We find out Mary has been hospitalized in some sort of institution and diagnosed with a skin disease of some sort that may or may not be fatal. Yep, she’s the one who’s got the hideous physical scars, but her mental state isn’t exactly tidy either. Shortly after a local priest named Father James (Dennis Roberston) suggests Julia visit Mary, the disfigured twin threatens her sister, manages to escape and yep, a few murders occur on the days leading up to Julia’s birthday. There’s a bit more to all this, but this is a film where revealing too much ruins the fun and it’s also a case where it’s best to go in ice cold not knowing what’s going to transpire.
Of course, going in cold also offers up a bit of protection from the film’s kooky logic gaps (yes, the usual “people doing dopey things in horror flicks” stuff). As the bodies pile up, no one seems to notice the dead people missing from their daily routines and as the film later gathers the corpses together, you’d figure the stench bodies a few days old might be discovered at one key point. But the film presses on, offering up a few quirky characters such as Amantha Beauregard (Edith Ivey) and not-so handyman Mr. Kimura (Jerry Fujikawa, who adopts a pretty lousy “Engrish” speaking accent for his brief part).
The violence and gore aren’t too bad here (the blood is almost watery to a fault), but be warned if you’re a pet person as an angry killer hound gets his with a power drill to the head after bursting through a door like Jack Nicholson in The Shining.
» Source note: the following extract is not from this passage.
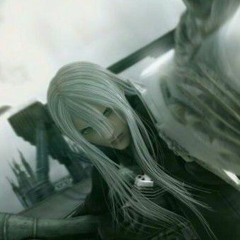 darkdiver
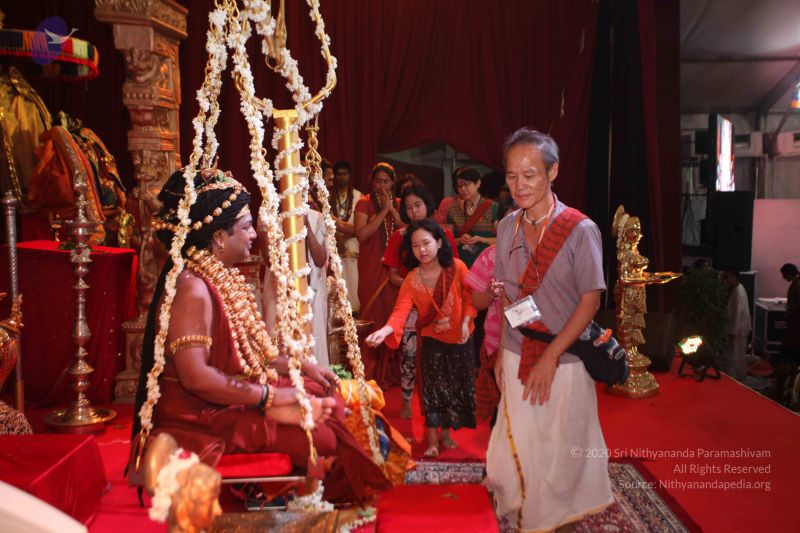 File:20160524 Photo 2433 1b19EyU3hvyFGajBvECV9jJTZeJ9REodz.JPG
Then again, the director shows restraint in an earlier scene when one of Julia’s deaf students has a run-in with that pissed off pooch, so I guess it sort of equals out in the end. Of course, a poor kitty gets it good (off-camera) in another scene. But cats seem to be screwed in many horror flicks as unfortunate props unless someone is doing an Edgar Allan Poe homage.
The Bonus features here are pretty nice overall:
Brand new 2K restoration from the original camera negative
High Definition Blu-ray (1080p) and Standard Definition presentations
Original Stereo Audio (Uncompressed PCM on the Blu-ray)
Optional English subtitles for the deaf and hard of hearing
Brand new audio commentary with The Hysteria Continues
Brand new interviews with cast and crew
Alternate opening titles
Theatrical Trailer, newly transferred in HD
Reversible sleeve featuring original and newly commissioned artwork by Marc Schoenbach
FIRST PRESSING ONLY: Booklet featuring new writing on the film
The Edith Ivey interview comes off as the best bit as the actress discusses her career and seems happy yet puzzled that this film is being rediscovered. Cinematographer Roberto D’Ettorre Piazzoli, on the other hand dislikes the film for a few reasons (one of which is he’s a dog owner). Finally, we get a short interview with director Ovidio Assonitis who’s a bit more proud of his baby as you’d figure he would be. Overall, this Madhouse manages to be an average flick at best, but as with any and all horror flicks, your mileage may vary. For me, parts ran out of gas before the bridge went out, but a few surprises got me when they needed to.